**Try it:** Give the number of lines in this listing that contain "Audi", with no other words.

**Listed entries:**
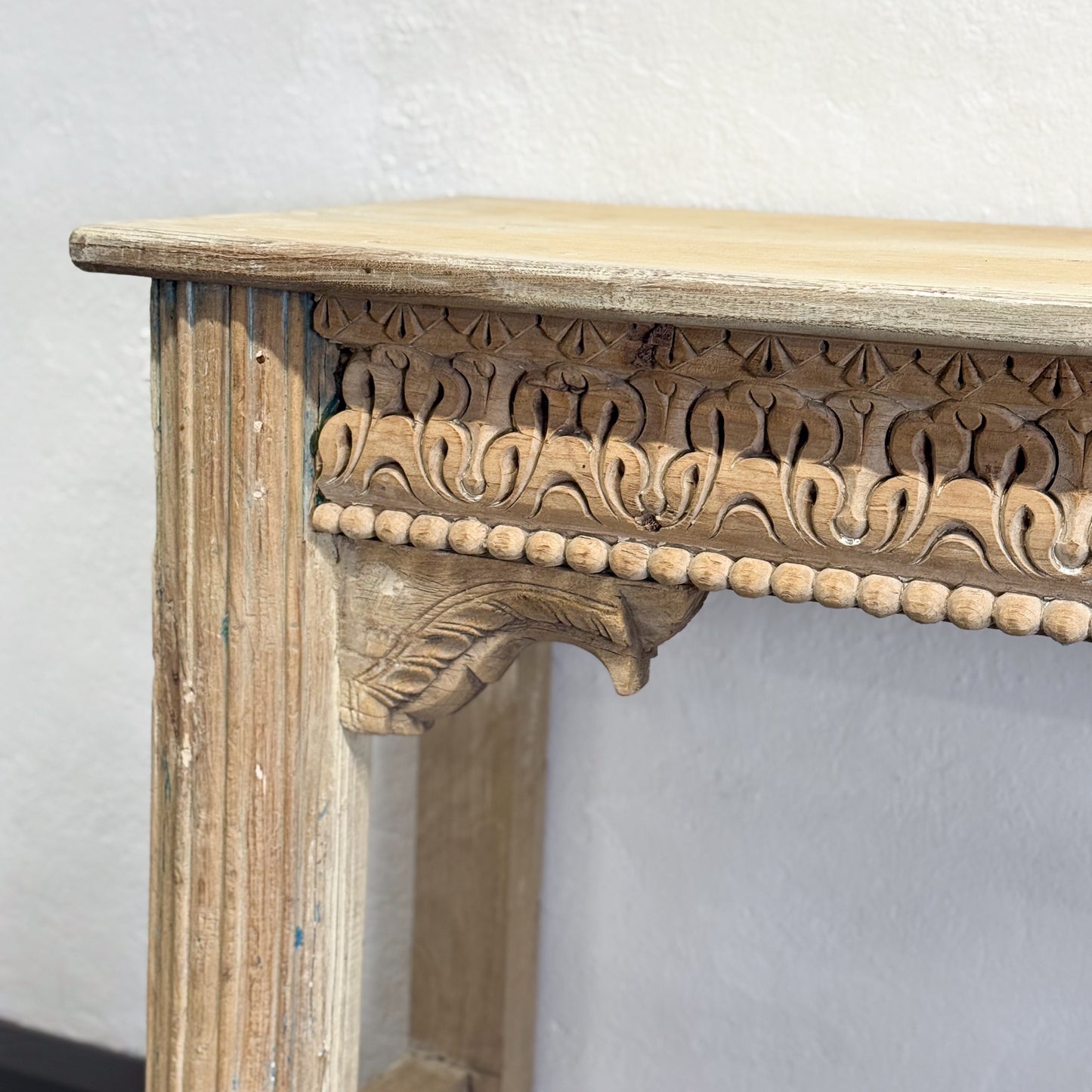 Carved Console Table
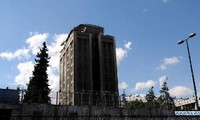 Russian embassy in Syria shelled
==
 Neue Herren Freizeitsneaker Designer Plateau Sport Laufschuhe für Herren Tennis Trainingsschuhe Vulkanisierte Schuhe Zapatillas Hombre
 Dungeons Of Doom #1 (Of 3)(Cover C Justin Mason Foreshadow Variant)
...
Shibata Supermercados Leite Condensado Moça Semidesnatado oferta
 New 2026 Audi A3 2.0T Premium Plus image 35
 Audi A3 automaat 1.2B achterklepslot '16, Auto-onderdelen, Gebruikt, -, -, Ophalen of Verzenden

**Answer box:** 2